The Donovans have been playing together since their first official gig in 1984 at the Fire Brigade Ball in Mt Druitt. The Donovans grew up surrounded by the country sounds of Aboriginal country music legends, the late Mick and Aileen Donovan.

The Donovans have performed at a variety of family, community and corporate functions across the country with the likes of Jimmy Little, Roger Knox, Vic Simms, Warren H Williams, Troy Cassar Daley, and Bobby McLeod.

Michael and Ashley's late sister Agnes Donovan was instrumental in continuing the musical legacy of her parents and encouraging her brothers, children, nieces, nephews, and grandchildren in their music endeavours.

The Donovan Band won a Deadly Award in 2004.

They are members of a large musical family who were profiled in an episode of ABC's Dynasties television series.

==Members==
- Michael Donovan – Bass guitar, lead vocalist
- Ashley Donovan - Rhythm guitar, lead guitar and backing vocalist
- Merv Donovan – Lead guitar and backing vocalist
- Robert Graham - Drums
- Shalina Donovan - Acoustic guitar and vocalist
- Jaleesa Godson - Vocalist and percussion

===Michael Donovan===
Michael Donovan grew up in Macksville, NSW surrounded by the country sounds of his parents, the late Mick and Aileen Donovan. He has been in the music industry for 51 years, singing and playing guitar by the age of six. Michael credits his mum and dad as being his greatest inspiration. His memories of his upbringing of music started in Eungai Rail, NSW. Michael’s dad Micko taught him to play the ukulele and then began performing with his late sister Agnes, and brothers Merv and Hilton. Michael moved to Sydney in 1981 where he formed The Donovan Band. Michael has toured Australia with the legendary Brian Young Show across Australia including Airlie Beach in Queensland, Mt Isa, Tennant Creek, Yuendumu and Alice Springs. Michael was also the musical director for the Aboriginal Showcase which was held annually across 3 years at the Tamworth Country Music Festival in the late 1990’s.

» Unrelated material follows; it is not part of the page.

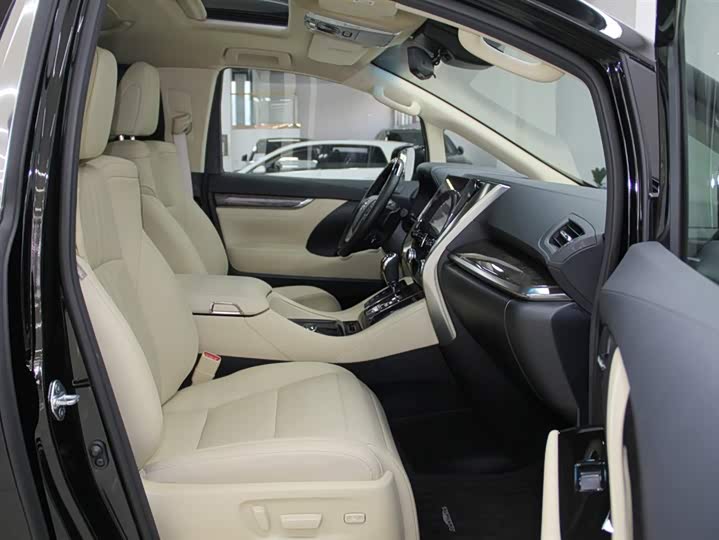 Фото 9 - Toyota Alphard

Michael was a member of the band Runaway Train for two years performing at an Australia Day Concert with the late Slim Dusty and Lee Kernaghan in Tamworth. Runaway Train was nominated for a Golden Guitar in 1998.

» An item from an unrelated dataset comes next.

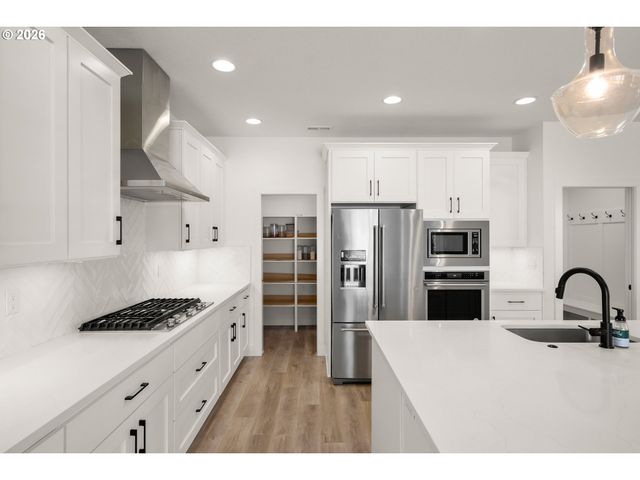 17331 Nw ANITA St, Portland, OR 97229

A career highlight for Michael was playing for Elizabeth II with Uncle Jimmy Little in Canberra at a Museum Opening. He has also cited performances at the Country Music Concert in Kempsey featuring John ‘Doc’ Riley, Fibber Parker and the late Ricky Shipp among his fondest memories.

Michael is working on his first solo album.

===Merv Donovan===
Merv Donovan has enjoyed playing music over many years performing with his Family as “The Donovan Kids” as a young man before forming a School Band. Merv went onto perform with the local Band Zachariah for a number of years performing in across a variety of pubs and clubs.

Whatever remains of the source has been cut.